> _Exercise instructions_
Restate word for word only the lines running from the one with "Keeping Dogs Safe" to the end of the data, both ends included. Omit any pictures.

....................

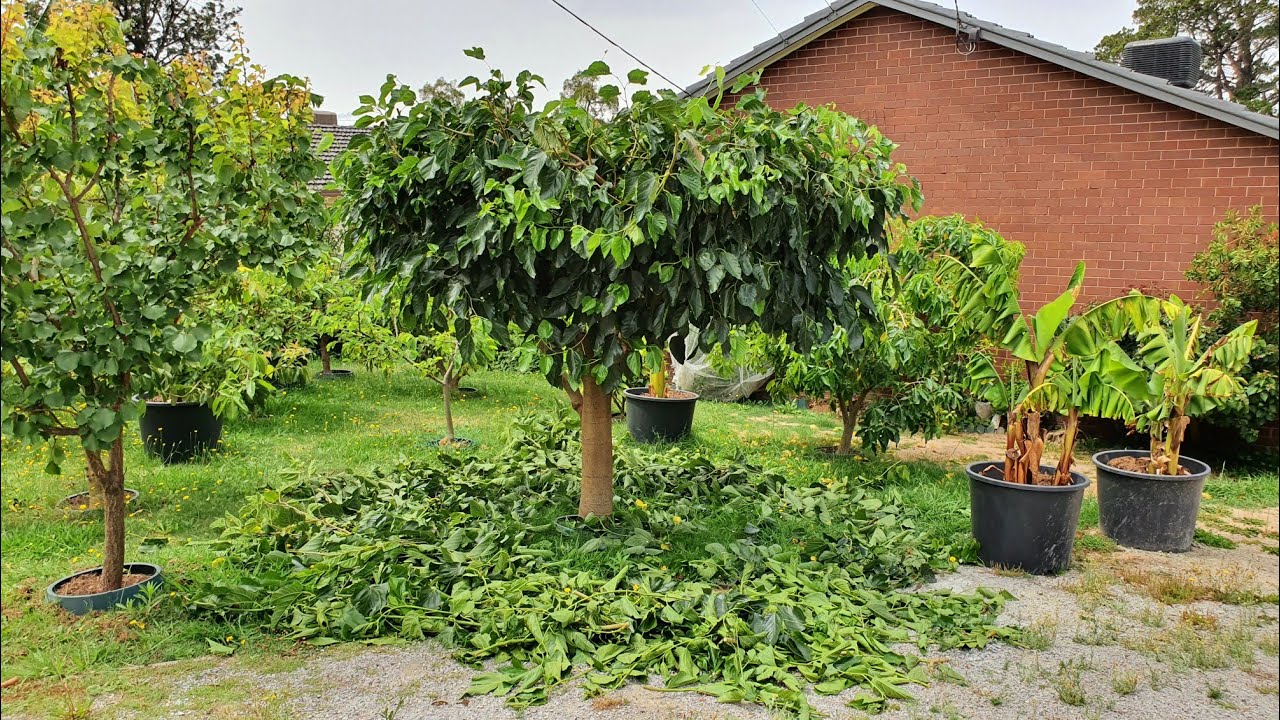 King MULBERRY - WHITE Pakistan - Shahtoot Clipped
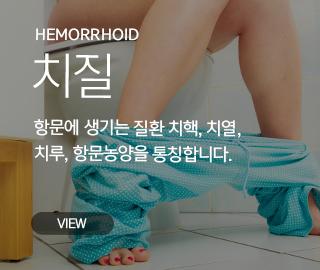 치질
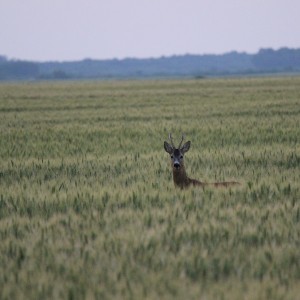 Hunting Romania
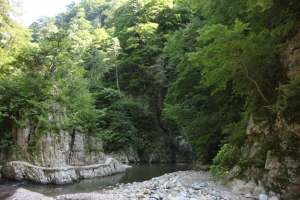 shirakami 0056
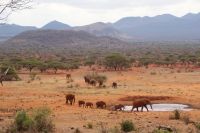 398 Elefantenherde Kilanguni Lodge Tsavo West Nationalpark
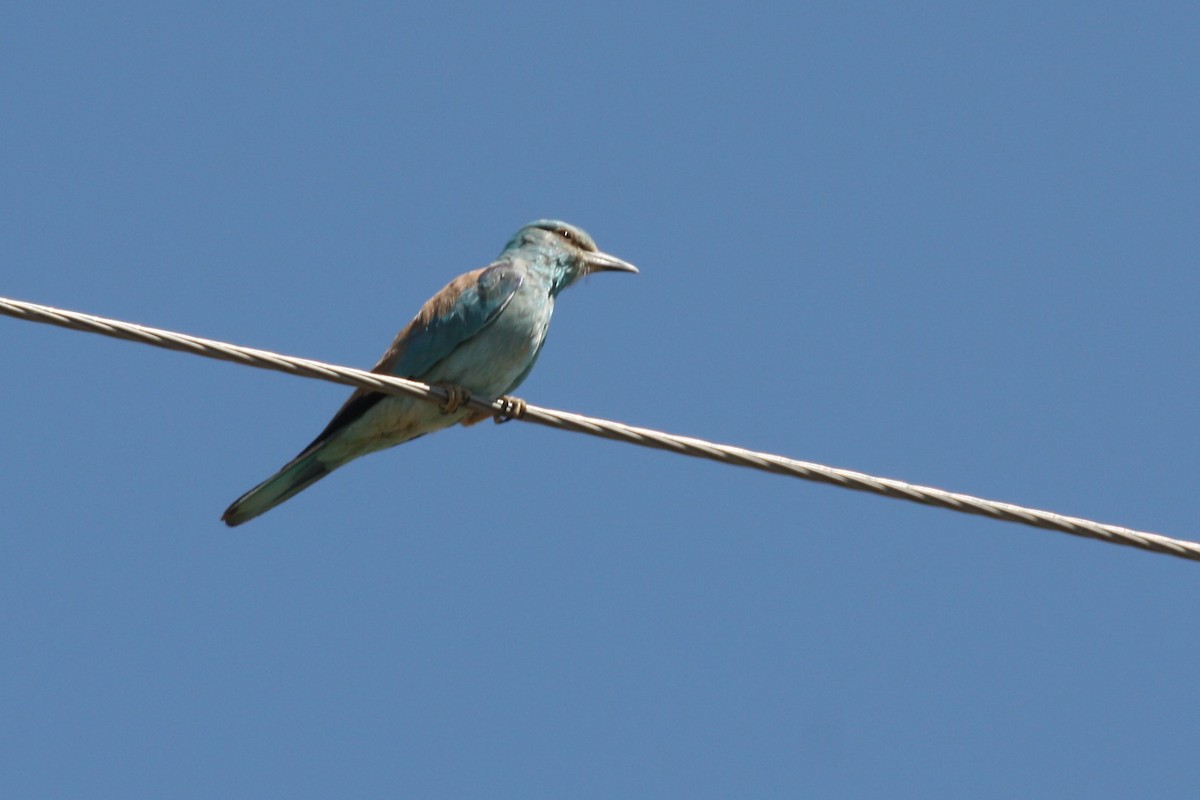 European Roller - Neil and Lucy Rogers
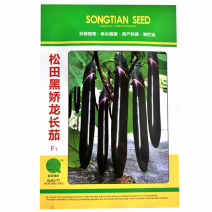 松田黑娇龙长茄种子早熟春秋黑油亮茄子种籽抗病蔬菜茄耐贮运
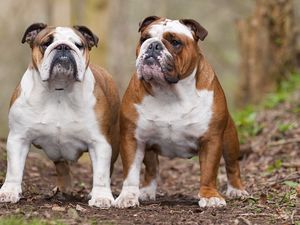 Preview wallpaper dogs, bulldogs, couple, leaves, thick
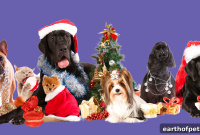 Keeping Dogs Safe During the Holidays: Essential Tips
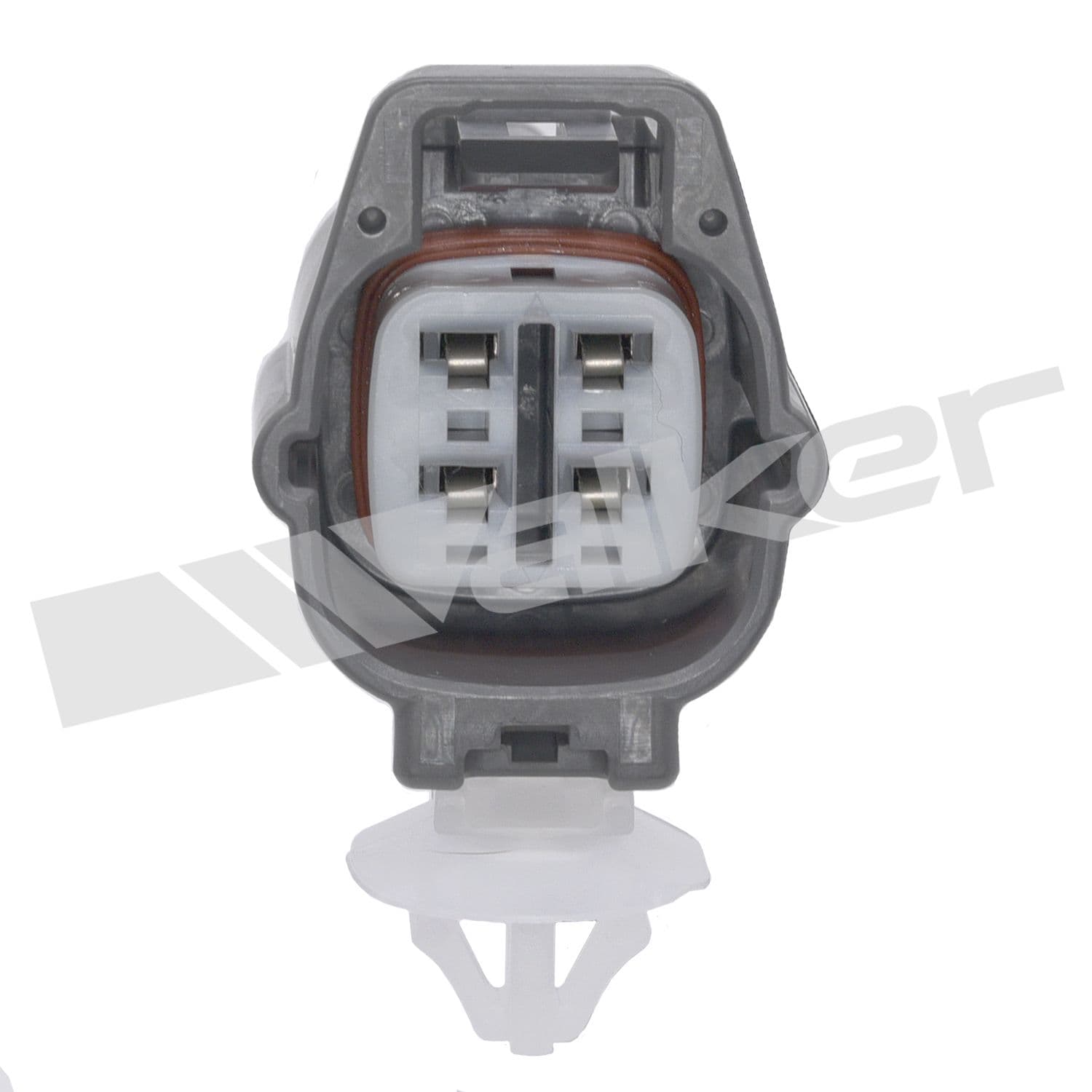 226-250-24644 - Image 2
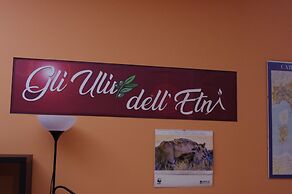 Gli Ulivi dell'Etna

....................

> _Result for this task_
 Keeping Dogs Safe During the Holidays: Essential Tips
 226-250-24644 - Image 2
 Gli Ulivi dell'Etna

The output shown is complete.